Case in point: Thomas Straubhaar. Straubhaar is director of the Hamburg Institute of International Economics and before the euro crisis was an influential, outspoken proponent of neoclassical economic theories and policies. But recently, he has come to question those beliefs, a change of heart that made him subject to personal attacks by fellow neoclassical economists offended by his open criticism of the economic orthodoxy.
So there Straubhaar was on June 19 at the Mercator Project Centre in Berlin, a key figure at a Global Climate Forum workshop about the need for new economic thinking in Germany and Europe. Speaking in a public interview with Thomas Fricke, chief economist at the Financial Times Deutschland, Straubhaar said, “We need more than a single new paradigm.”
Straubhaar acknowledged that in hindsight the deregulation that has occurred since the Reagan years did not bring about an effective governing structure for the financial markets. Instead, for the most part market failures have been the rule, not the exception.

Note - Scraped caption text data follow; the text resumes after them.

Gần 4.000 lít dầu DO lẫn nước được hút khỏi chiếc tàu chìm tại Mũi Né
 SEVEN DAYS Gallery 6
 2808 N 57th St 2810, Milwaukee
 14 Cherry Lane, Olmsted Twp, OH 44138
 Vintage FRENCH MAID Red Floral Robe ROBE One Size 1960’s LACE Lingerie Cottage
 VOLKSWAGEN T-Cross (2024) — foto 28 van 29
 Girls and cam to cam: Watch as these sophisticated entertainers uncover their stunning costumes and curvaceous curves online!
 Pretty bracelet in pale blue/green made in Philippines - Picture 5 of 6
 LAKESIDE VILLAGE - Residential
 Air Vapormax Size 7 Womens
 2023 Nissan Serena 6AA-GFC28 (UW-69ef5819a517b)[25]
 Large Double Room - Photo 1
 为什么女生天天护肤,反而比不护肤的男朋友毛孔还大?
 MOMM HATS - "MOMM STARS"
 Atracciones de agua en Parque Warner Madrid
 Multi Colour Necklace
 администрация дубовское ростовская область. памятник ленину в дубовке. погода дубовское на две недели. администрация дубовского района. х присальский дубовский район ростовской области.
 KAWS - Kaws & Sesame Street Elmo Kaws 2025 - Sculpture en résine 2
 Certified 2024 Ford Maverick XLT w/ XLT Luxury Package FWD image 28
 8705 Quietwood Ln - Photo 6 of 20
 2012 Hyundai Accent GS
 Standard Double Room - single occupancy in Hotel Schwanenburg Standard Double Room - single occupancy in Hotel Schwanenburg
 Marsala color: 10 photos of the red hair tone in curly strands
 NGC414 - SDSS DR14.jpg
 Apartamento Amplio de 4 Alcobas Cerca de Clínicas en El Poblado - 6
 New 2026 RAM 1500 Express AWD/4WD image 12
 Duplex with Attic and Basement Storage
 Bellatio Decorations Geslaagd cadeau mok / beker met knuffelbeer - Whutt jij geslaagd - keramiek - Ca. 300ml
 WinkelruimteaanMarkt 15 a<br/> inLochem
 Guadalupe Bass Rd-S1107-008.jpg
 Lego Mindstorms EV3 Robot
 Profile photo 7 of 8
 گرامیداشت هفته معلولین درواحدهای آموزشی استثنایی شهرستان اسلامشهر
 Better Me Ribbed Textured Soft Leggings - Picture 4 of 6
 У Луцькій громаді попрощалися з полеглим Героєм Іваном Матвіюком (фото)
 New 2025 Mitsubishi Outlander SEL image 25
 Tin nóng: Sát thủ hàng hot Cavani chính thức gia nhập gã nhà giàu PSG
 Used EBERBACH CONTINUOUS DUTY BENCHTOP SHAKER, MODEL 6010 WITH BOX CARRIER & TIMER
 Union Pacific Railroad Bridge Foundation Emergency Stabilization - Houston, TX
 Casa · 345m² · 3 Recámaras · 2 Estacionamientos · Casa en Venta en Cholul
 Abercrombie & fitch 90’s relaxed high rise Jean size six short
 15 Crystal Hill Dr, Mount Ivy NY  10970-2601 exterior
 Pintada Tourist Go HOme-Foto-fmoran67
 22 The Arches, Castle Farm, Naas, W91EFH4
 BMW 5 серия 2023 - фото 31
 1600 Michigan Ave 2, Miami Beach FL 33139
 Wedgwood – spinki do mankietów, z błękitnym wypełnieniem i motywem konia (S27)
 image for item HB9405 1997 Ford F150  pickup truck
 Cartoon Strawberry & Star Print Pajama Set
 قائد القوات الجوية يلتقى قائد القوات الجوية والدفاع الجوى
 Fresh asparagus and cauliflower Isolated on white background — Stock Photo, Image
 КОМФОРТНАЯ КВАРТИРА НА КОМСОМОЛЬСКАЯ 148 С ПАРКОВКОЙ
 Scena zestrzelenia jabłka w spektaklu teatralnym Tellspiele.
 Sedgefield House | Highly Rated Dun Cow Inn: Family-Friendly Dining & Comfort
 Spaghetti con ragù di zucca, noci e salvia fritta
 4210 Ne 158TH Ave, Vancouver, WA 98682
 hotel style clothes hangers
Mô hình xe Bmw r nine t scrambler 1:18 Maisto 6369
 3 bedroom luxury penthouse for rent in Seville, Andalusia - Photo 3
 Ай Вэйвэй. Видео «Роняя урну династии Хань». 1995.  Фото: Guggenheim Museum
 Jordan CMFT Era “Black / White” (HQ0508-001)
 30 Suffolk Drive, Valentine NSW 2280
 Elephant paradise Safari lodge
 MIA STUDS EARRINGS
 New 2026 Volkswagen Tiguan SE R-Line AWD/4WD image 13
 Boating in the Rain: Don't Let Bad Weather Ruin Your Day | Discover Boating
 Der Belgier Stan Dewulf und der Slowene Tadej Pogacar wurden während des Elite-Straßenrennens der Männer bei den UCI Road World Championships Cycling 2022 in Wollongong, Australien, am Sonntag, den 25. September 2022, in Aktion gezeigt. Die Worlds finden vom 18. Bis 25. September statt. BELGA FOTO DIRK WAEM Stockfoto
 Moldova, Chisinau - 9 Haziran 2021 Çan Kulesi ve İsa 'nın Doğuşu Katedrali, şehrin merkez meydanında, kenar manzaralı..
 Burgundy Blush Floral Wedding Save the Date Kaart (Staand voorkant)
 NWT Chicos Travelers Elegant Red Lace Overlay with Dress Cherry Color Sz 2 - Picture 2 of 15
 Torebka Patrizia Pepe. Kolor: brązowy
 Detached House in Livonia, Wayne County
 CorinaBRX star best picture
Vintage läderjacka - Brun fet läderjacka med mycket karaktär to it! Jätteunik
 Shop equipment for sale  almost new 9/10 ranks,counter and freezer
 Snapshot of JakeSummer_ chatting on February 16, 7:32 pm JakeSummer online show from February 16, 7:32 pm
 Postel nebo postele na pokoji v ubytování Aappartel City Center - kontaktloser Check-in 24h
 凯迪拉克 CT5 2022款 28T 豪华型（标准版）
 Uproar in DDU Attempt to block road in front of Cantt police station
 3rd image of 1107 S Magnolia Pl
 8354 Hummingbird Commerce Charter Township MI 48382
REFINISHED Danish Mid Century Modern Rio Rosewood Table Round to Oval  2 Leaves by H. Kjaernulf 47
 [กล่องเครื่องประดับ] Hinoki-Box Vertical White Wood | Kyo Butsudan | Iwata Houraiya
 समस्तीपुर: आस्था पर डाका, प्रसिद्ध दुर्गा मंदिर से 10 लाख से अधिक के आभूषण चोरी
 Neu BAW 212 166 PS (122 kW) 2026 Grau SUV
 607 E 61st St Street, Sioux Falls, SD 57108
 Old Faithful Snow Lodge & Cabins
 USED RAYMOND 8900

“We have learned that rules which we thought were good for the micro-level aren’t necessarily good in the aggregated macro-level,” Straubhaar said. This applies in particular to the financial sector, which had been hailed as the most free and efficient market by the orthodoxy.
“The crisis has revealed the existence of systemically relevant institutions”, Straubhaar said, and the effect and repercussions of their collapse was completely underestimated.
These repercussions have lead Straubhaar to question the economics discipline itself. He expressed the need to widen the range of methods and tools available to economists. To Straubhaar, economics has become monolithic, both in research and in university-level teaching.
Still, despite all of the criticism he has unleashed on the neoclassical approach, Straubhaar doesn’t see the need to abandon it. “I am still a neoclassical economist,” he said. Thus, he will continue working with the same premise that (perfect) markets are efficient and that the role of the state should be limited. He will, however, display more humility going forward.
And with regard to the euro crisis, Straubhaar admits that he supports Angela Merkel’s strategy of “muddling through.” In economic theory, oftentimes the corner solutions (such as euro bonds) are not efficient. So to Straubhaar, a step-by-step evaluation of all available options seems a viable strategy.
Is this a step in the right direction for Germany, Europe, and the world? Time will tell. But Straubhaar should be applauded for his courage in being willing to challenge the status quo.